Lucilene Silva, coordenadora da Oca, exalta o importante trabalho cultural e social feito na Aldeia de Carapicuíba: “A partir desta escuta, que transforma a história de vida dessas mulheres em uma forma de sobrevivência e de cultivo de uma tradição, o projeto também as fortalece; elas passam a acreditar mais em si mesmas, naquilo que elas trazem de mais precioso. Quando elas reconhecem o significado daquilo que é de cada uma e do conjunto, isso é de uma potência muito grande”.

Quem quiser conhecer mais sobre a tradicional renda renascença e o dia-a-dia das rendeiras da Aldeia poderá participar de algumas atividades conexas, que ocorrem nos primeiros dias da exposição. Hoje e amanhã, entre as 10h e as 13h, será realizada uma oficina sobre a técnica empregada, com sete rendeiras que estarão em Belo Horizonte especialmente para a mostra.

Os encontros acontecem no Café do Palácio das Artes. A oficina tem como objetivo compartilhar com os participantes a técnica da renda renascença, feita com agulha e almofada e muito difundida no Nordeste brasileiro. Será também compartilhado o histórico das rendeiras da Aldeia – mulheres que, além do cultivo, compartilhamento e produção da renda renascença, mantêm a tradição dos cantos de trabalho.

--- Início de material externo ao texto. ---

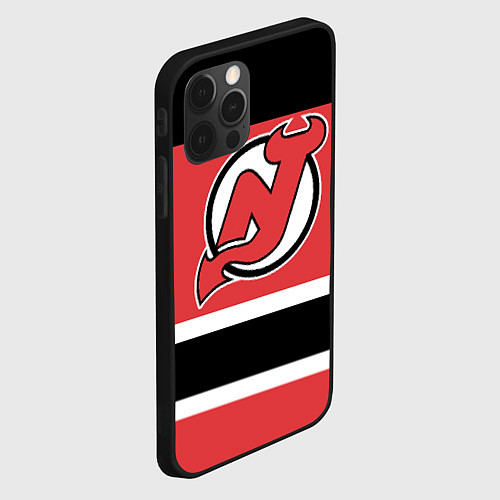 Чехол iPhone 12 Pro Max New Jersey Devils / 3D-Черный – фото 2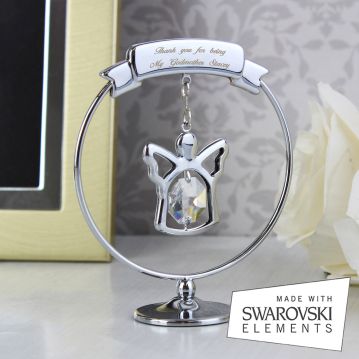 Personalised Crystal Angel Ornament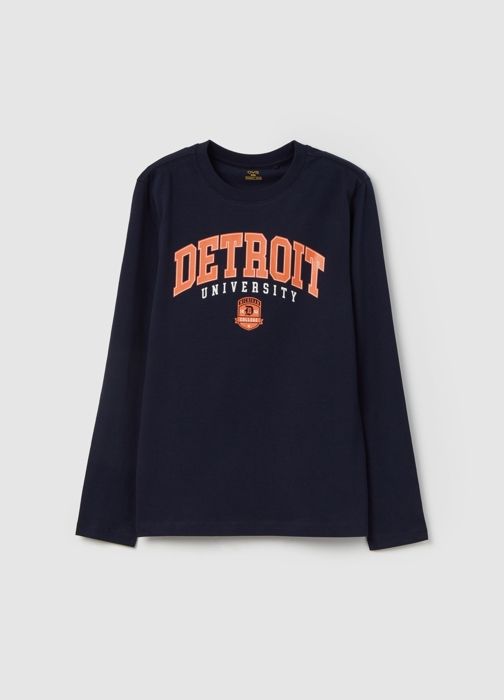 T-shirt à manches longues avec imprimé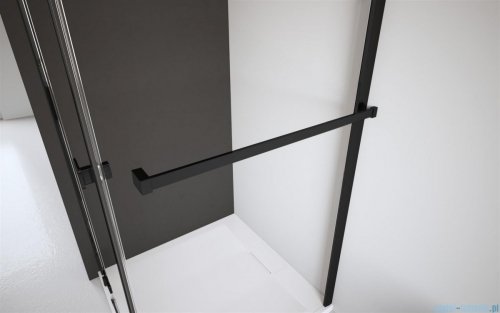 Radaway Idea Black Kdj kabina 120x110cm prawa czarny mat/szkło przejrzyste 387042-54-01R/387053-54-01L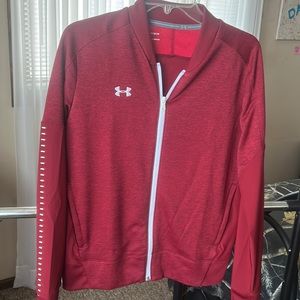 Maroon / Cardinal zip up light jacket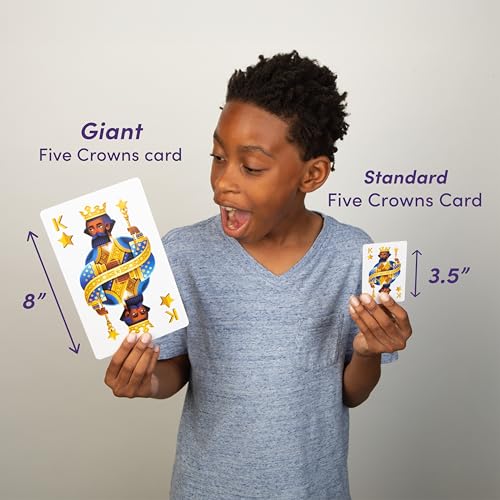 PlayMonster Five Crowns Giant Card Games  Jumbo Playing Cards Card Game for Kids and Adults Family Game Night 5 Suited Rummy Style Card Game Ages 8 - Image 5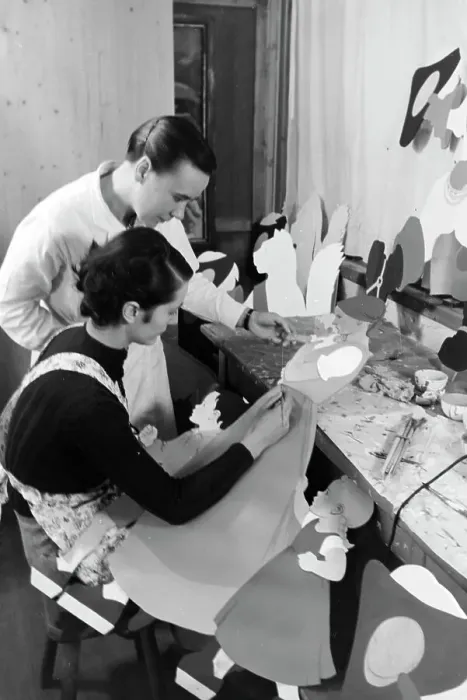 Gerahmter Druck : Helle Kunst in der Eiffel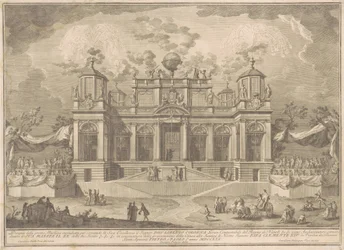 La Prima Macchina per la Chinea del 1770: Un edificio romano per il commercio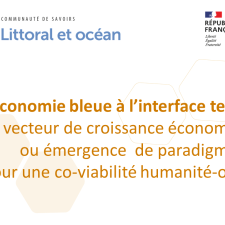 L’économie bleue à l’interface terre-mer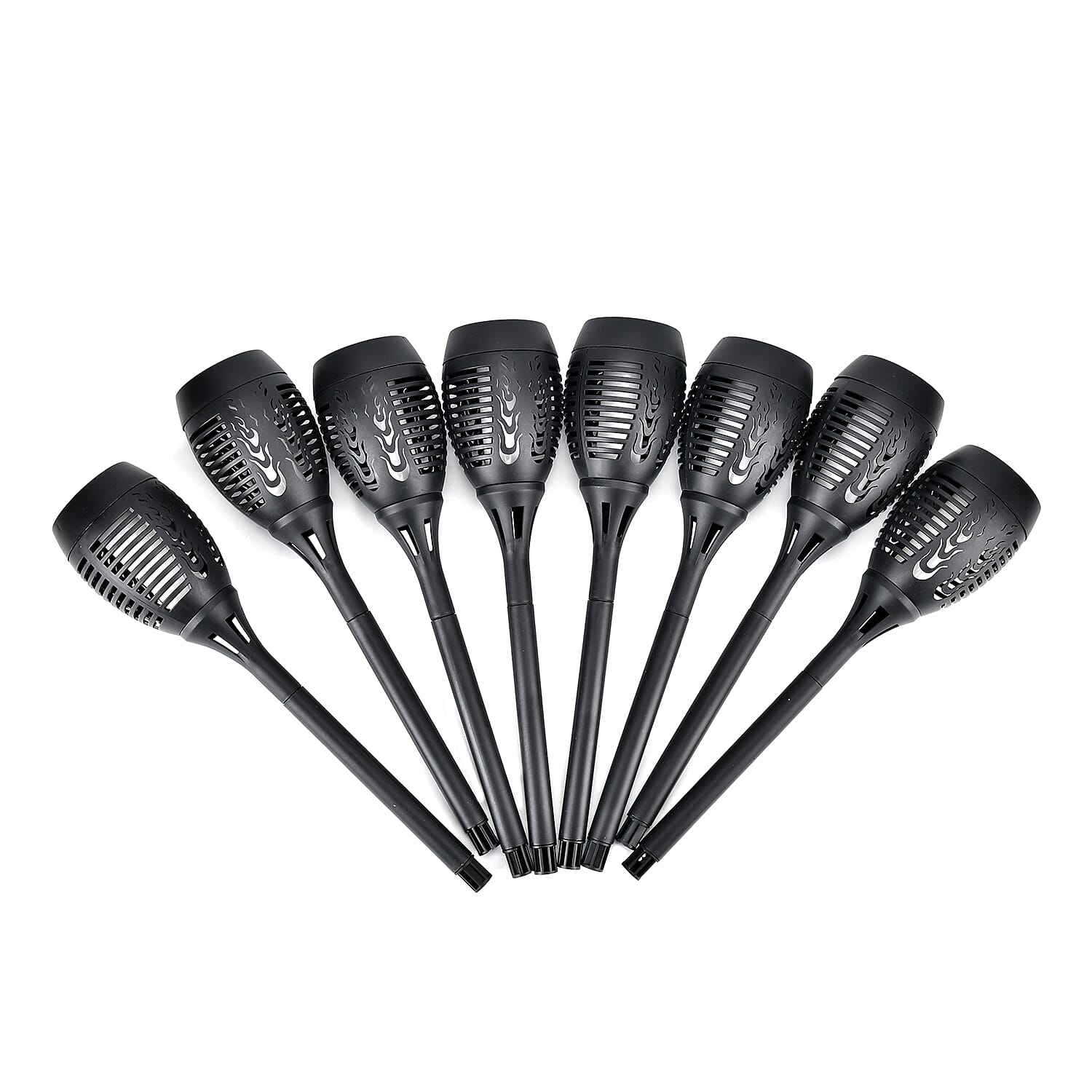 Set of 8pc Solar Dancing Flame Torch Light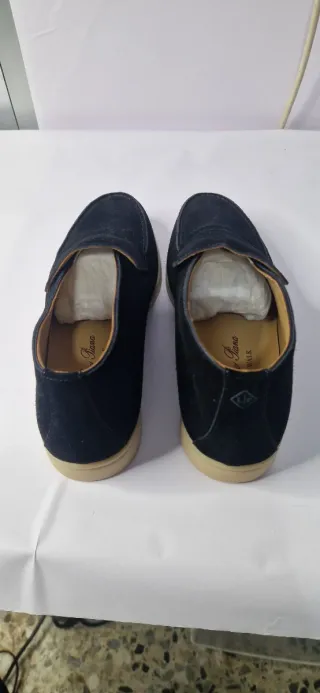 Zapatos Loro Piana Suede Negro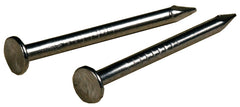 Hillman 122530 Wire Nail, 3/4 in L, Steel, Stainless Steel, Flat Head, Smooth Shank, Silver, 2 oz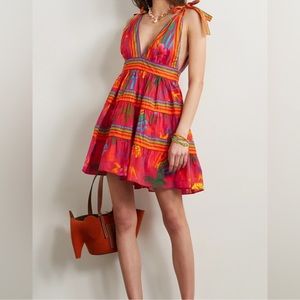 FARM Rio Good Vibes Mini Dress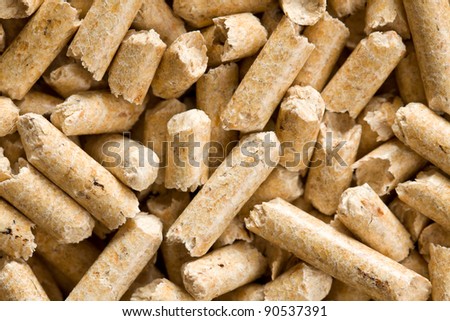 the wooden pellet .ecological heating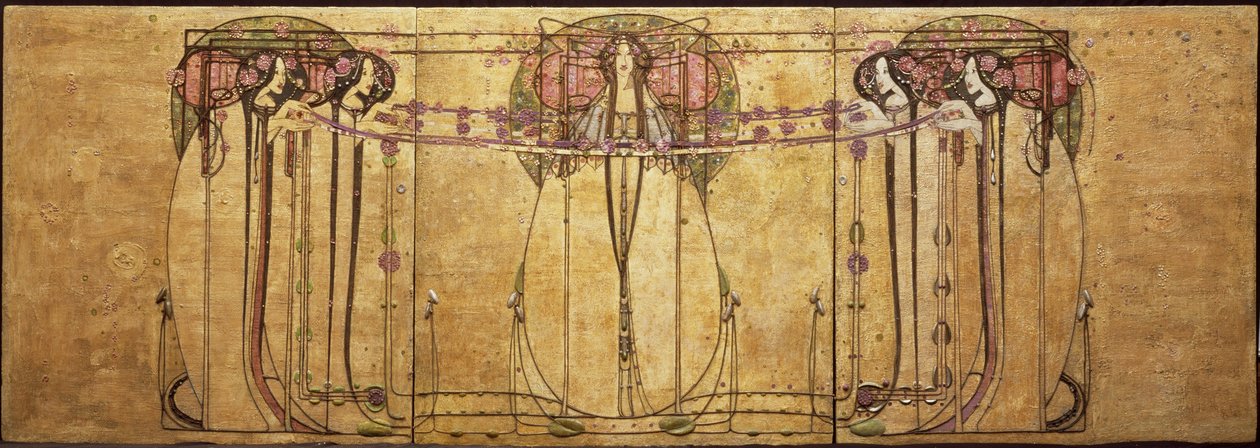 Toukokuun kuningatar af Margaret MacDonald Mackintosh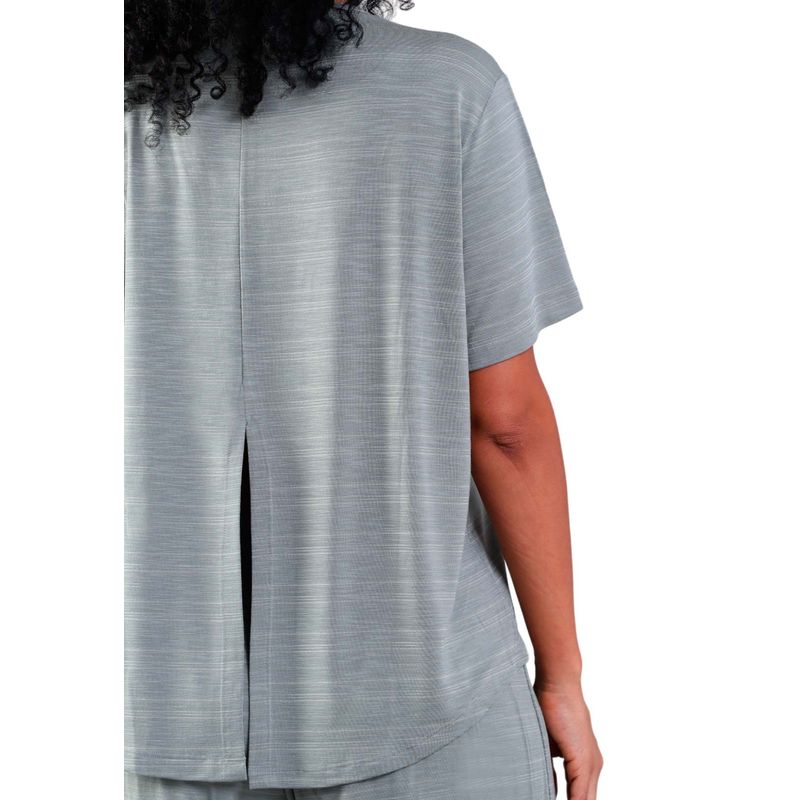 Blusa Feminina Abertura nas Costas Manga Curta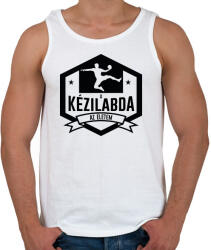 printfashion A kézilabda az életem - Férfi atléta - Fehér (7162463)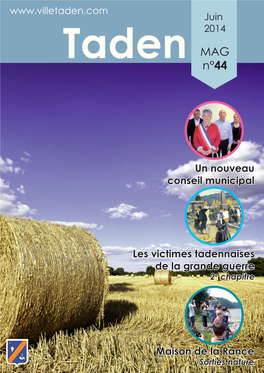 Bulletin Municipal N°44 Juin 2014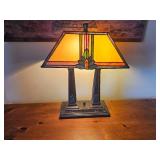 Tiffany-style Mission Prairie Corn Long Desk Lamp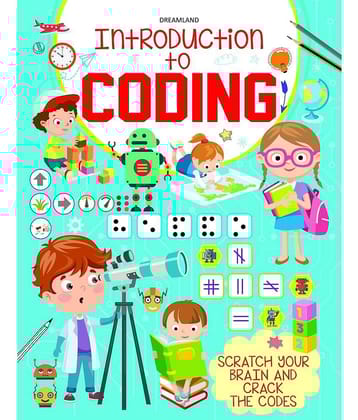 Introduction to Coding - Scratch Your Brain and Crack the Codes - Early Learning Book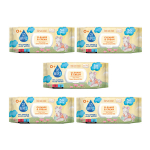 Niisked salvr&auml;tikud Gowipes Baby Cleanse&Cream, 5 x 50 tk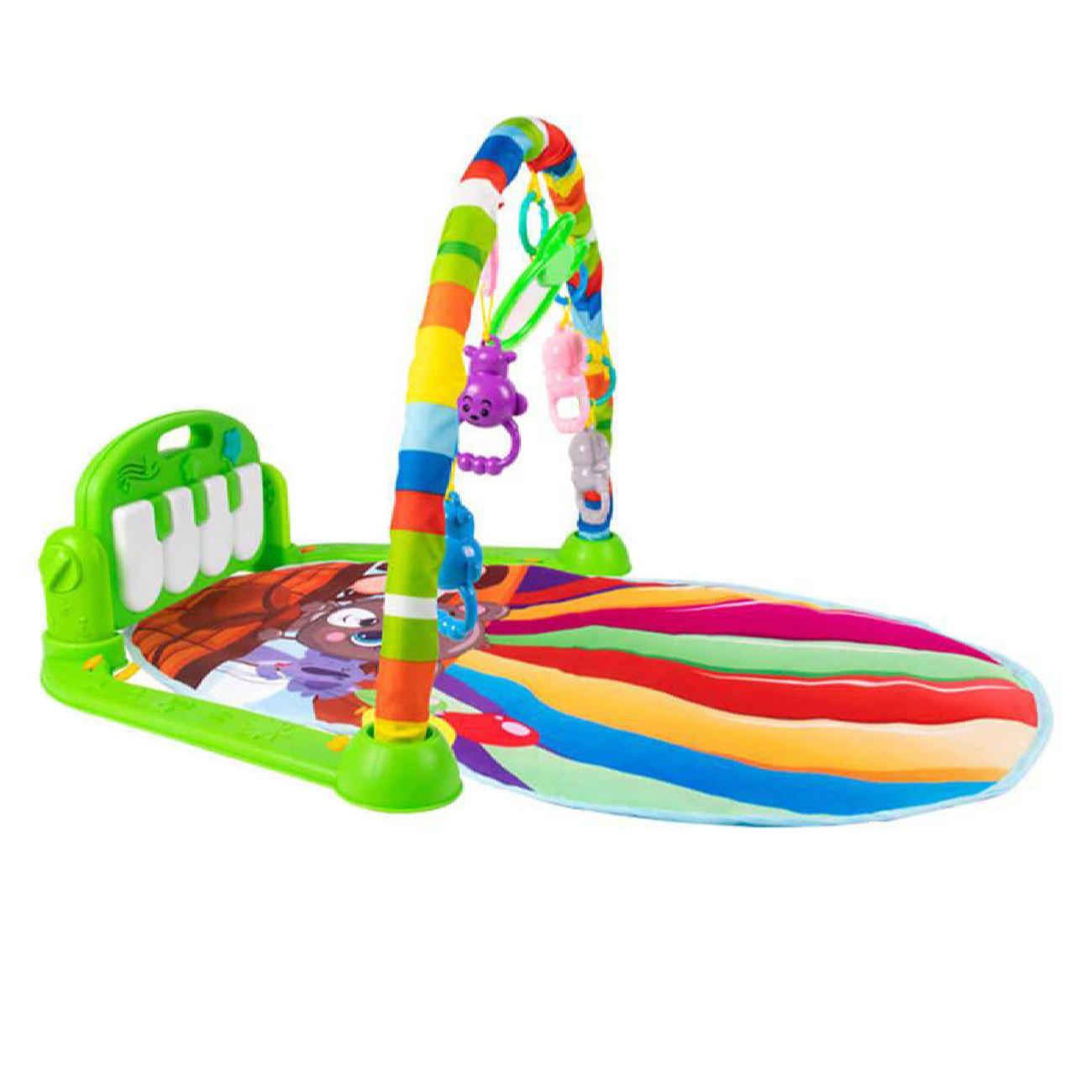 Price and Buy Safe and Soft Animal Print Baby Mat with Piano and Rattles_6903a38029bdf.jpeg Price and Buy Safe and Soft Animal Print Baby Mat with Piano and Rattles - Image 1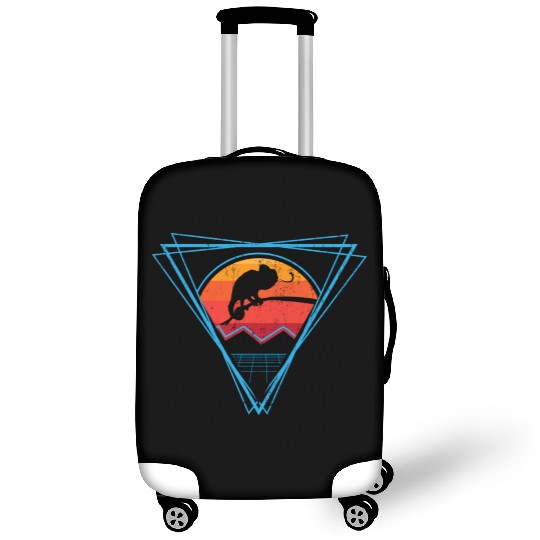 Retro Chameleon For Chameleon Lover Luggage Covers
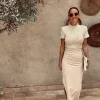 PENCIL SKIRT LONG WHITE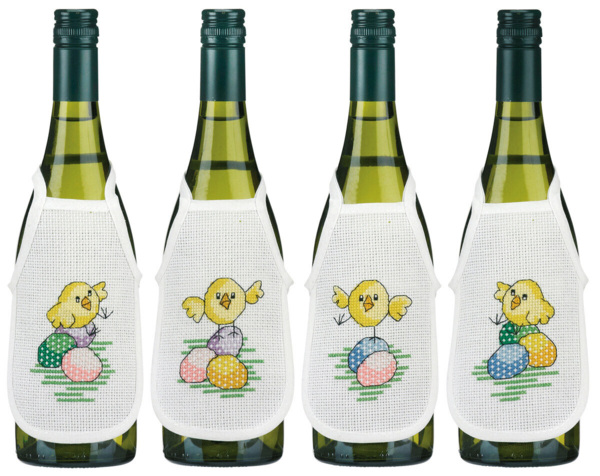 Kit de bordado Pollitos de Pascua 10 x 15 cm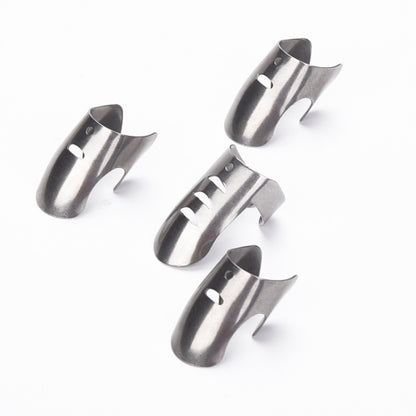 4 Stück/Set verstellbarer Fingerhandschutz aus Edelstahl, Fingerschutz, Messer, Scheibe, Hacken, sichere Kochutensilien, 4 Stück/Set Fingerschutz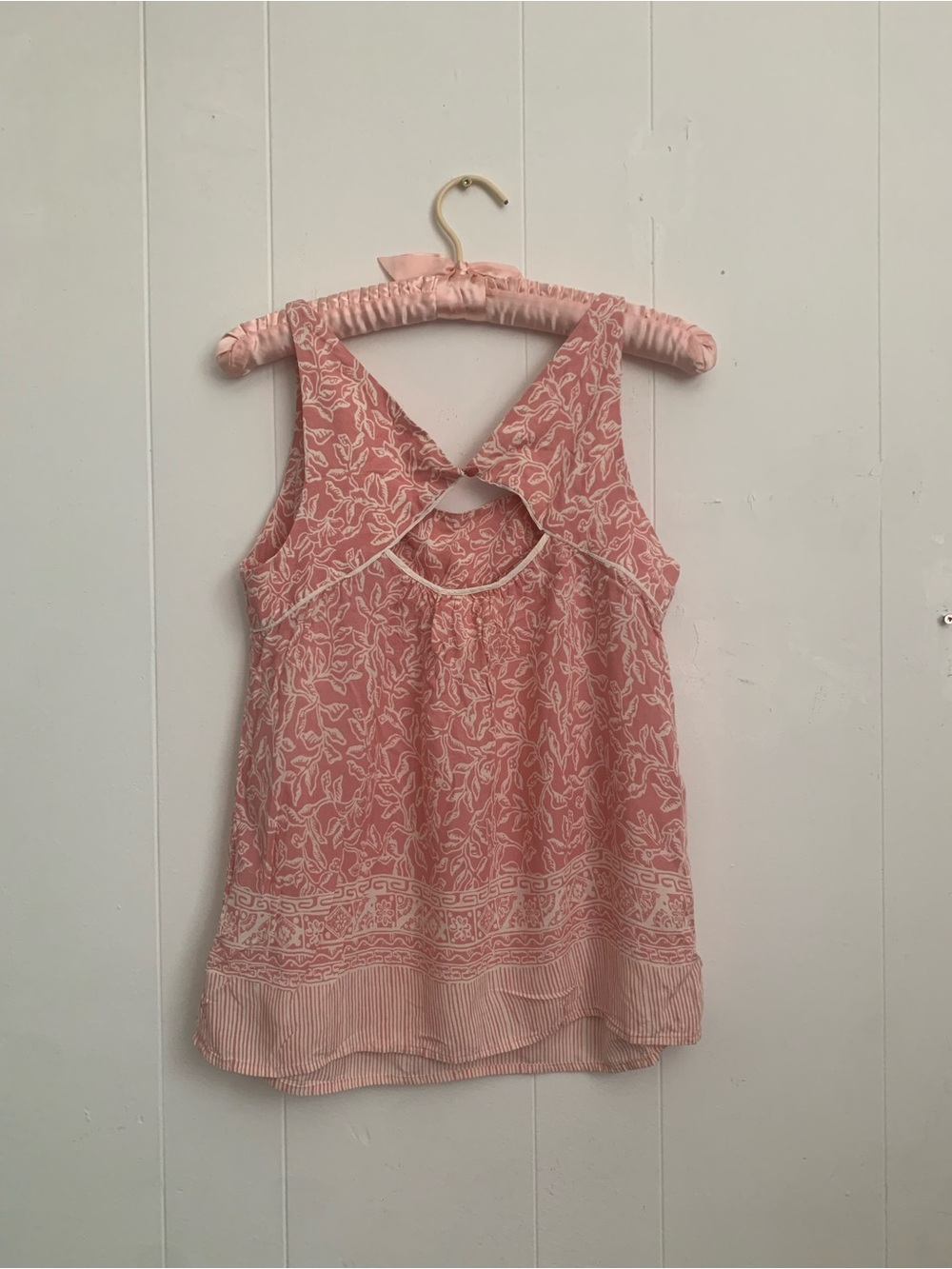 Anthropologie Maeve Pink Floral Sleeveless Cutout Top XS - Picture 2 of 5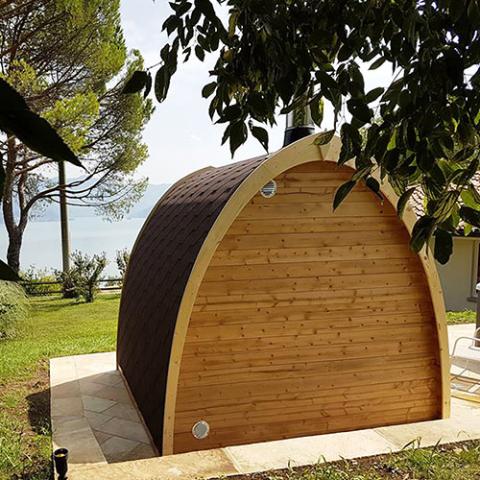 SaunaLife Model G3 Outdoor Home Sauna Kit Garden Series - Image 6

Ainda hoje, às 18h, pouco antes da abertura da exposição, ocorre um bate-papo com as rendeiras. A conversa será no Café do Palácio das Artes e terá a presença de Lucilene Silva e Viviane Foster, da Oca Escola Cultural, e de Alexandre Rousset. O encontro inclui também alguns dos cantos de trabalho, que as rendeiras da Aldeia entoam durante todo o processo de feitura da renda e que o torna mais leve e alegre.

“RENDANDO HISTÓRIAS”

• Abertura da exposição, nesta terça-feira (12/9), às 19h, na PQNA Galeria Pedro Moraleida, do Palácio das Artes (Av. Afonso Pena, 1.537, Centro. A mostra fica em cartaz até 12/11, com horário de visitação de terça a sábado, das 9h30 às 21h, e aos domingos, das 17h às 21h, com entrada franca.
 
• Oficina de renda renascença, nesta terça-feira (12/9) e quarta, das 10h às 13h, no Café do Palácio das Artes, com inscrições gratuitas pelo formulário no link https://forms.gle/pdrkhxPfVc2zEt5X8 (os 30 primeiros inscritos garantem as vagas).
 
• Bate-papo e cantos de trabalho com as rendeiras da Aldeia, hoje (12/9), às 18h, no Café do Palácio das Artes, com entrada franca.